Right. What about the Weatherman,SDS etc ? I recently heard somewhere that
there were more acts of terroristic bombing and arson during that period
than any other in American history. Pirsig, no comment.
> I particularly agree that to the extent that Pirsig is trying to lay an
> intellectual foundation for morality, he fails utterly. He doesn't even
> address Mill and doesn't talk at all about Kant's ideas about morality other
> than to call them ugly. He doesn't mention at all any contemporary thinkers
> in morality. How are we to take this seriously?
Right, just this morning before read your post I Googled "moral metaphysics"
in addition to Kant and many, many others I found this:
http://www.ed.uiuc.edu/eps/PES-Yearbook/95_docs/cunningham.html
Any reference to Dewey's "Natural Metaphysics" or the whole class of similar
work by others in Lila?

Or this which I recently caught in a reread of "The Matrix and Philosophy"

"...dialectics is a theory of evolution or progress. It is based on
the...idea that the engine that drives motion and change...is the struggle
of opposing forces. Someone who thinks dialectically thinks the of the world
as a constantly evolving place, a place that life is never still. Moreover,
a dialectician (which Pirsig forthrightly claims to be) thinks of the world
as space in which oppositions between everything from individual molecules
of matter to complex ideas are striving to reach new levels of consciousness
and organization."

Cross out "consciousness" and is this not a pretty good synopsis of the
system MoQ proposes?  Now the other shoe. The lead in to this paragraph
before the first dots say:

"The theoretical foundations of Marx's thought are derived, in part, from a
novel reading of German philosopher G.W.F. Hegel's "dialectical"
philosophies. In Marxist thought,..."

Why no reference to Marx, and only these two for Hegel, in Lila?
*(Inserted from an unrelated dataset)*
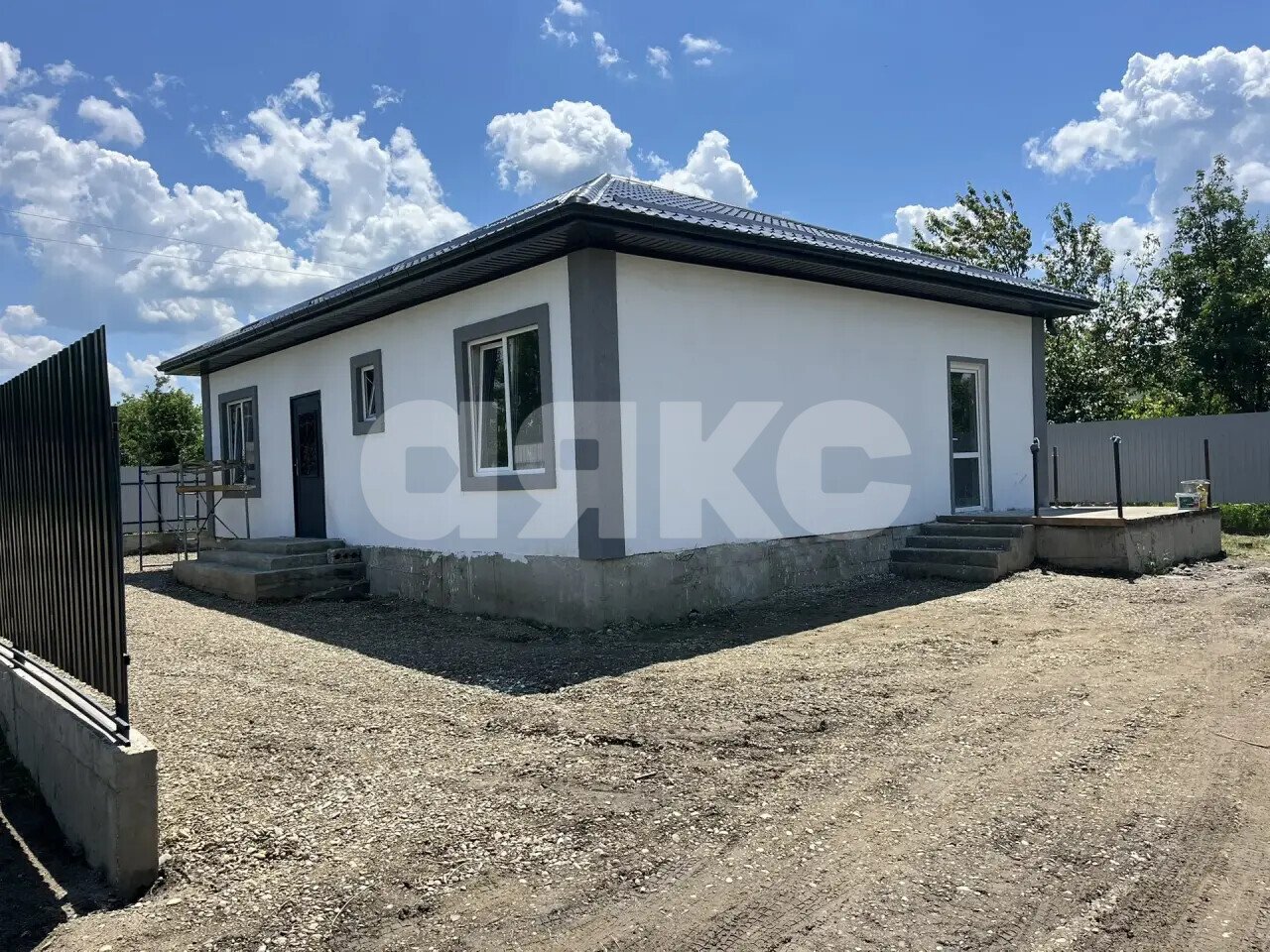 Фото №4: Дом <span class="whitespace-nowrap">116 м²</span> <span class="whitespace-nowrap">+ 5 сот.</span>, <span class="whitespace-nowrap">1 эт.</span> - ДНТ Проектировщик, пр-д 9-й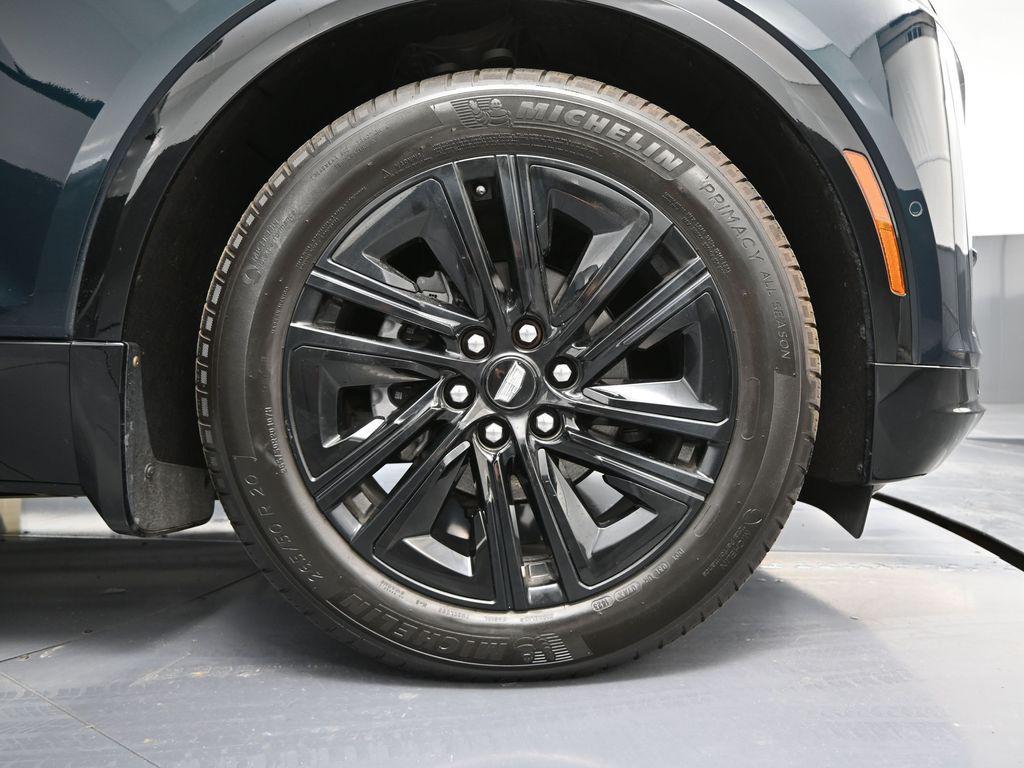 used 2024 Cadillac LYRIQ car, priced at $41,493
> A review of his book in the Harvard Educational Review had said that his idea
> of truth was the same as James. The London Times said he was a follower of
> Aristotle. Psychology Today said he was a follower of Hegel. If everyone was
> right he had certainly achieved a remarkable synthesis. But the comparison
> with James interested him most because it looked like there might be something
> to it. (Lila 152)

> He didn't like Hegel or any of the German idealists who dominated philosophy
> in his youth precisely because they were so general and sweeping in their
> approach.(Lila 152)

The world wide consequence of Marxist definitively answers that question.

The Matrix maybe an apt metaphor for Lila.